Social psychology is the study of how we think about, influence, and relate to one another. Social psychologists explore how we view and affect one another.

Social-cultural Psychology

Social-cultural psychology is the study of how situations and cultures affect our behavior and thinking. It focuses on how behavior and thinking vary across situations and cultures. A social-cultural psychologist might explore how expressions of feeling vary across cultural contexts.

Socrates

Socrates lived from 469-399 B.C.E. in ancient Greece. He was a philosopher and a teacher; he taught Plato. Together, they concluded that the mind is separate from the body and continues after the body dies. They also believed that knowledge is preexisting and innate, or born within us.

Standard Deviation

Standard deviation is the computed measure of how much scores vary around the mean score. It is a more useful standard for measuring how much scores deviate from one another than the range because it uses information from each score.

Structuralism

Structuralism is the idea that the structure of the human mind can be discovered through engaging people in self-reflective introspection. They would be trained to report elements of their experiences such as looking at a flower or listening to music.
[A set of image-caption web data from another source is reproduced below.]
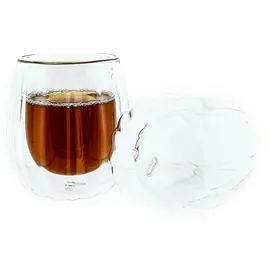 Mulex 8er Gläser Set 350ml Latte Macchiato Gläser Teeglas Espressogläser Doppelwandig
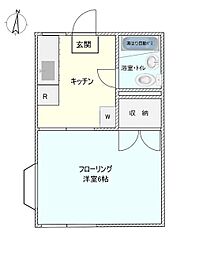 間取図画像 1DK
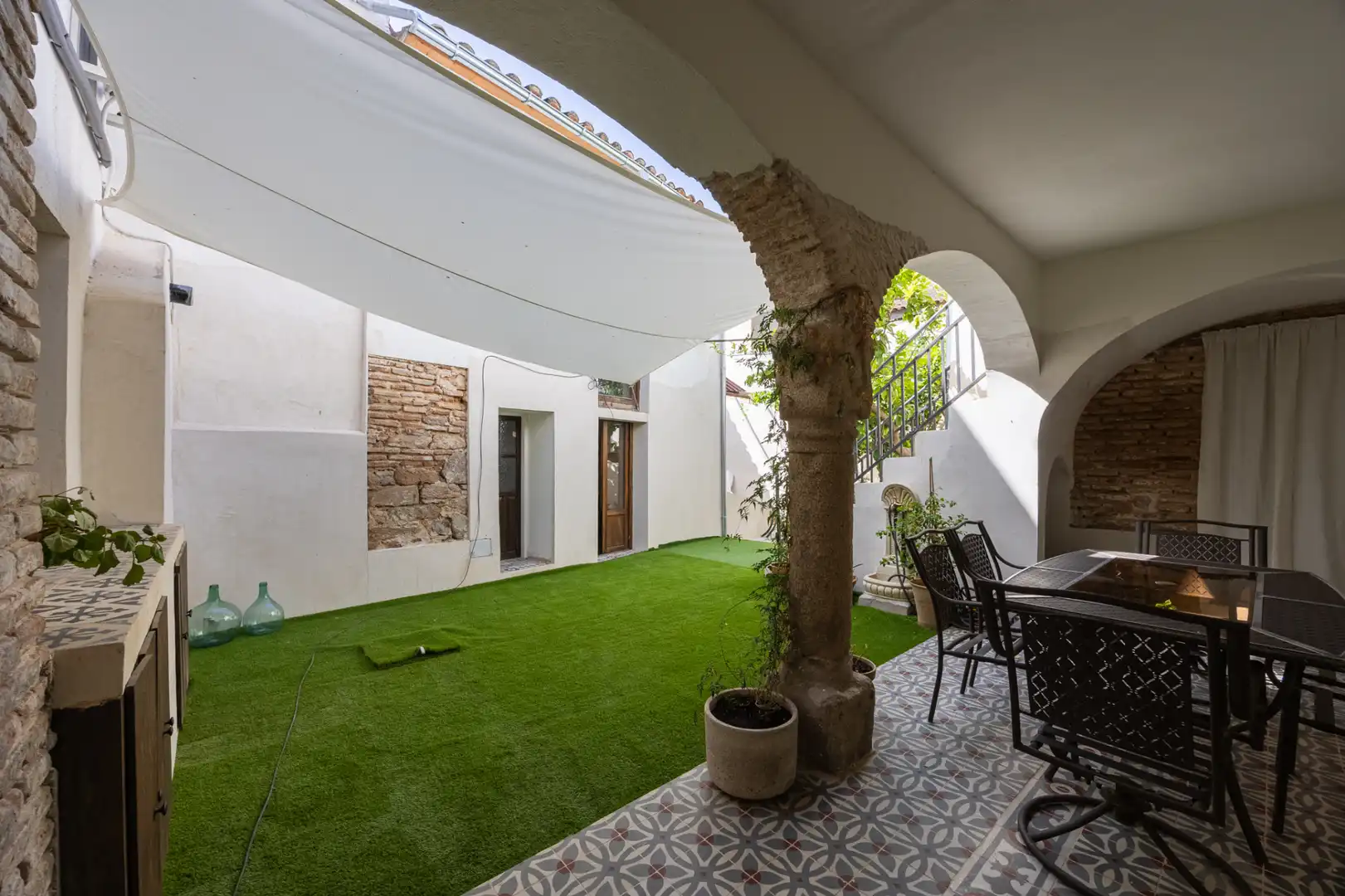 Terraza de Casa o chalet en venta en El Puente del Arzobispo con Aire acondicionado, Calefacción y Jardín privado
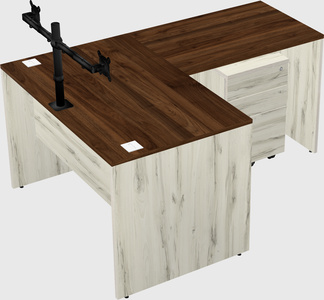 L-shaped office desk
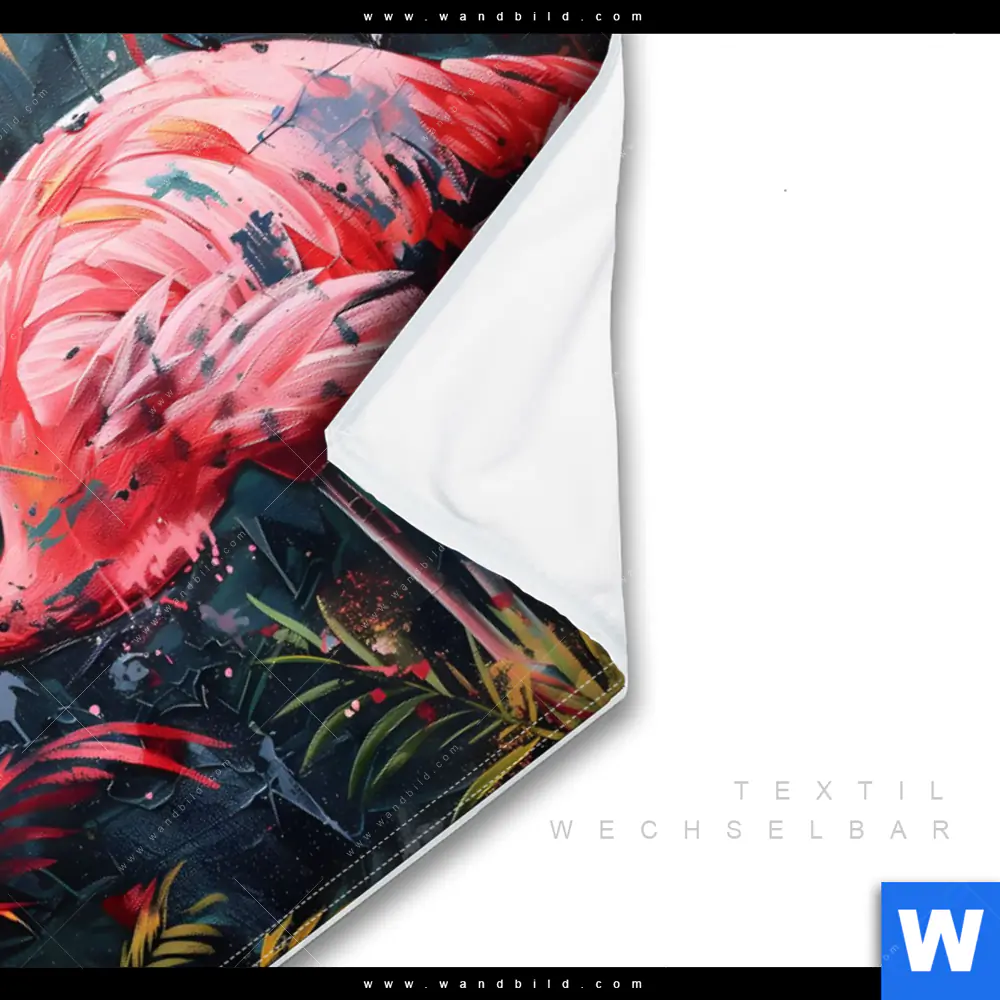 Wechselmotiv | Flamingo - Dschungel Eleganz | Querformat - Image 3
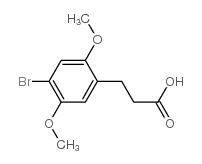 3-(4-溴-2,5-二甲氧基苯基)丙酸结构式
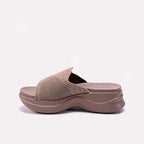 Brown Chunky Slippers for Women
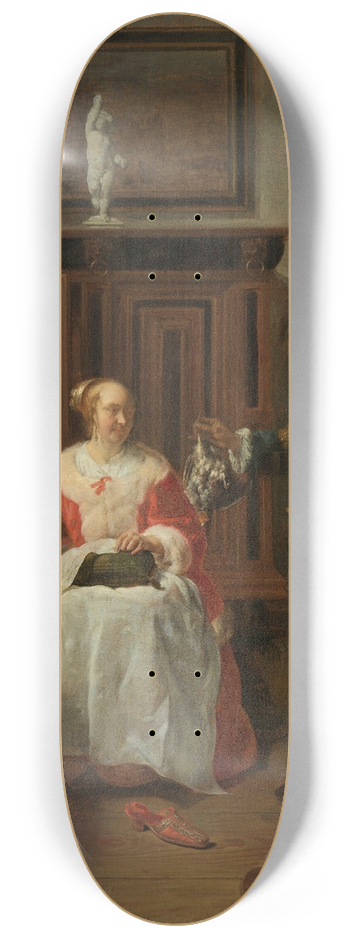 Gabriel Metsu - The Hunters Present 8.25 inch art skate deck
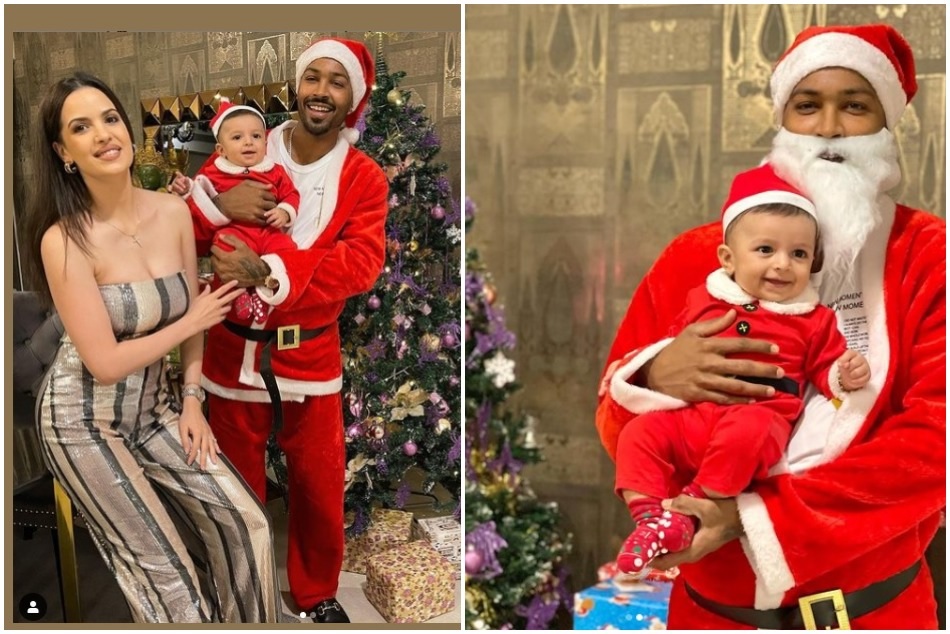 हार्दिक पांड्या बने सांता, नताशा और बेटे अगस्त्य के साथ मनाया क्रिसमस- देखें तस्वीरें
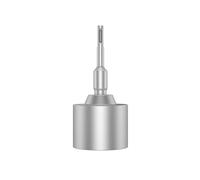 SDS-Plus Round Shank T Post Ground Rod Driver Heavy Duty Hammer Drill Bit Driver Tool for Installing Grounding Rods(65mm / 2.56in)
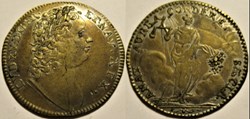 ca.1716 Louis XV - Rechenpfennig, Astrée "L'âge d'or"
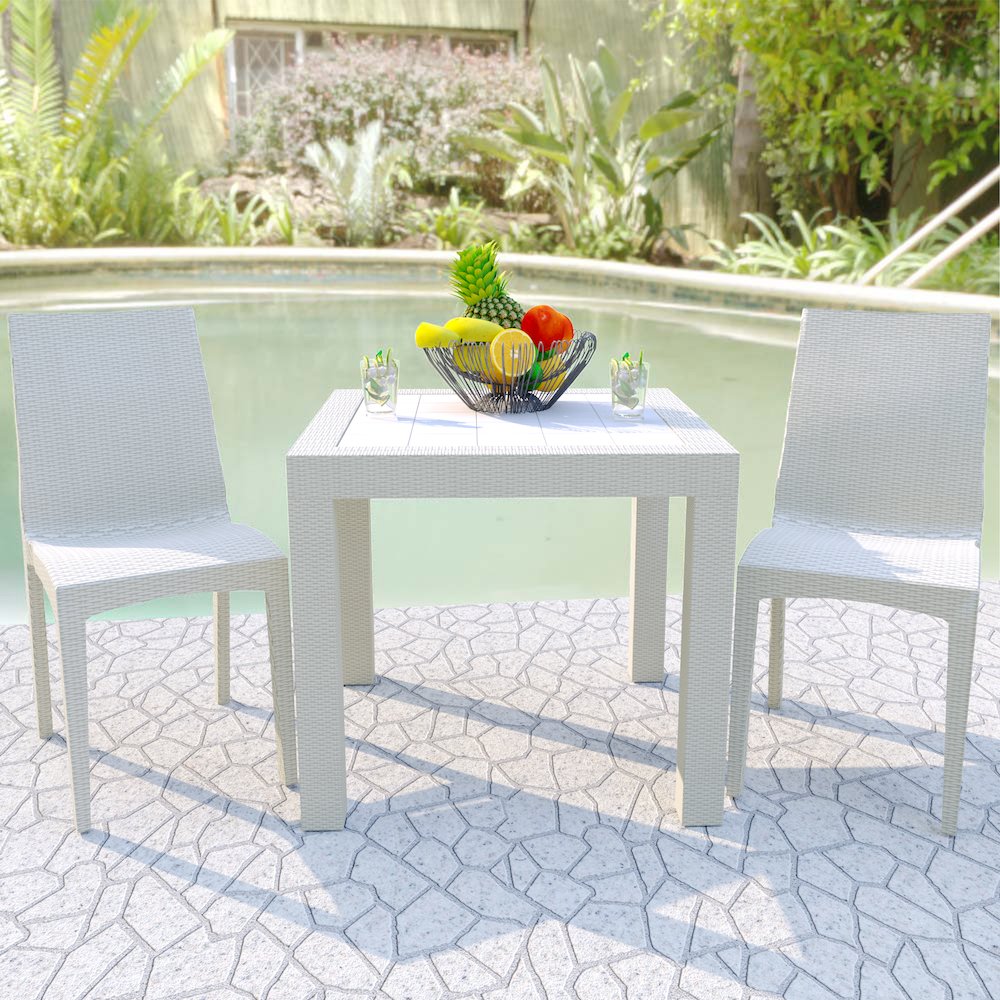 Mace Weave Design Outdoor Dining Table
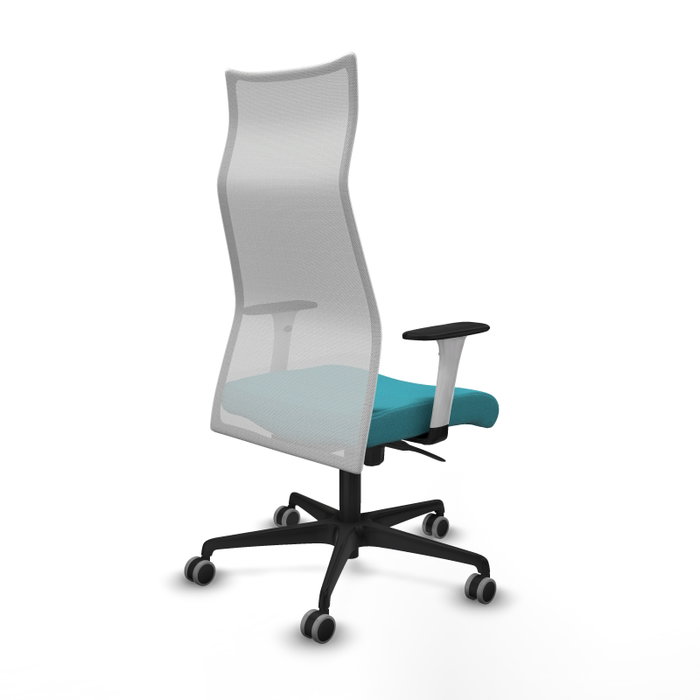 Piqueras y Crespo Chaise de Bureau Albacete Turquoise et Blanc Piqueras y Crespo Chaise de Bureau Albacete Turquoise et Blanc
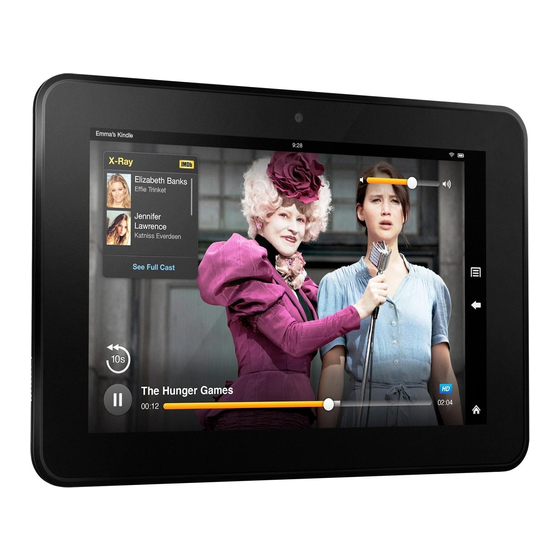 Amazon Kindle Fire HD Quick Start Manual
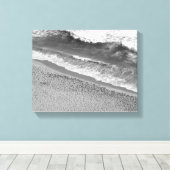 Schwarzer und Weißer Ozean Leinwanddruck (Insitu (Holzboden))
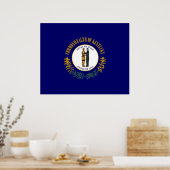 Poster Drapeau d'État du Kentucky (Cuisine)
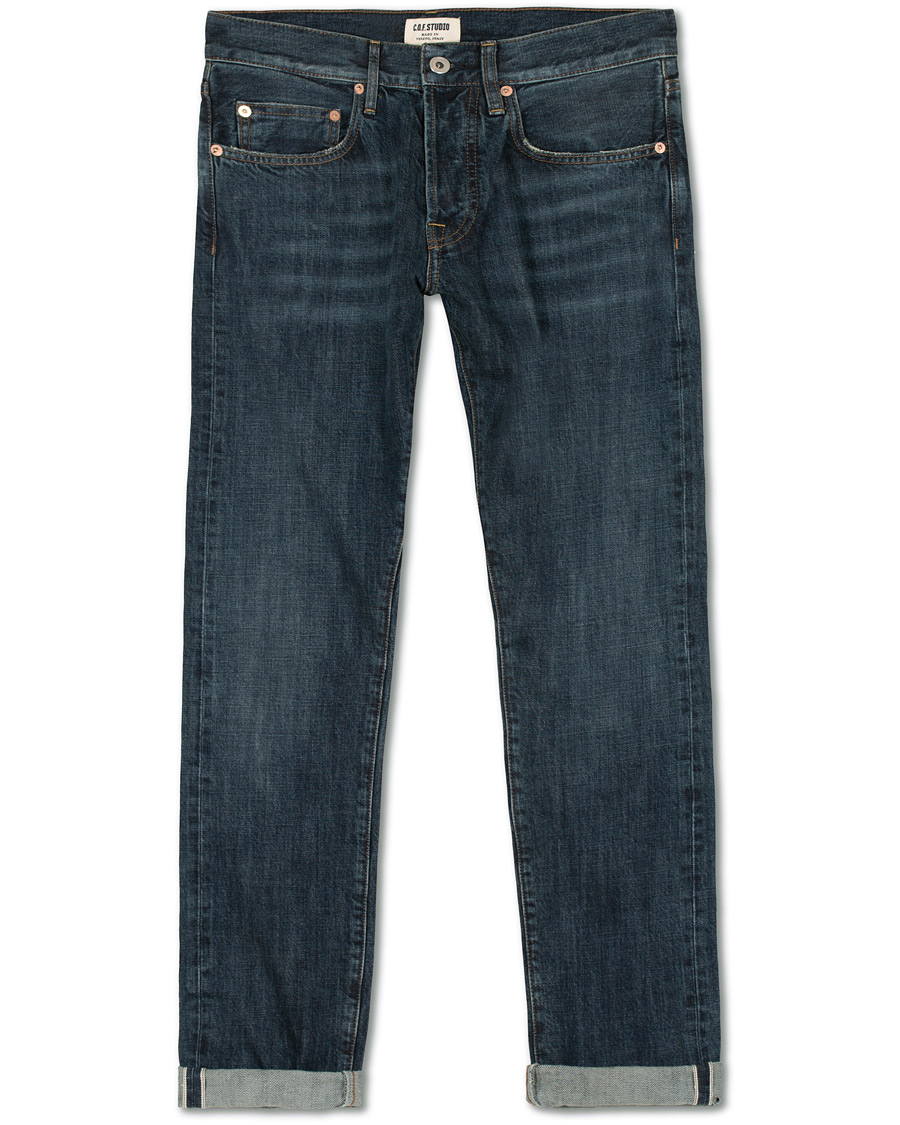 Herr | Jeans | C.O.F. Studio | M3 Regular Tapered Fit Selvedge Jeans 3 Months Blue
It was introduced by Edward Bradford Titchener.

Biopsychosocial Approach

The biopsychosocial approach is formed by integrating different levels of analysis. It considers the influences of biological, psychological, and social-cultural factors. Each level provides a valuable vantage point for looking at a behavior or mental process, but each level by itself is incomplete.

Control Group

The control group is the group in a n experiment that is not exposed to the treatment. It contrasts with the experimental group, which does receive the treatment, and it seres as a comparison for evaluating the effect of the treatment on the other group.

Nature vs Nurture Issue

The nature vs. nurture issue is the ancient debate over whether it is genes or experiences that contribute to the development of psychological traits and behaviors. Today's science believes traits and behaviors come from the interaction of both nature and nurture.

Placebo Effect

The placebo effect is an experimental result which was caused by expectations alone. It is any effect on behavior caused by the administration of an inert substance or condition that the recipient assumes is an active agent.

Psychology

Today's definition of psychology is the science of behavior and mental processes. Behavior is any action an organism does that can be observed and recorded. Mental processes are the internal, subjective experiences we infer from behavior, such as sensations, perceptions, dreams, thoughts, beliefs, and feelings.

Amos Tversky

Tversky collaborated with Kahneman. He concluded random sequences often don't look random; HTTHTH.

Margaret Floy Washburn

Washburn was the first female psychology Ph.D. and the second female APA president in 1921. She was also the author of the influential book "The Animal Mind." Her thesis was the first foreign study published in Wundt's journal, but because she was a woman, when war barred from joining the organizations of experimental psychologists.

John B. Watson

Watson, described as flamboyant and provocative, was an American psychologist who appeared in the 1920's. He dismissed introspection and instead said science is rooted in observation. Although sensations, feelings, and thoughts cannot be observed, people's behavior as they respond to different situations can be observed and recorded. He suggested that our behavior is influenced by learned associations, which is called conditioning.

Wilhelm Wundt

Wundt was a German professor who, with the help of two of his students, created an experimental apparatus which measured the time between people hearing a ball hit a platform and then pressing a telegraph key. This began the first psychological laboratory. He sought to measure the fastest and simplest mental processes, or the "atoms of the mind."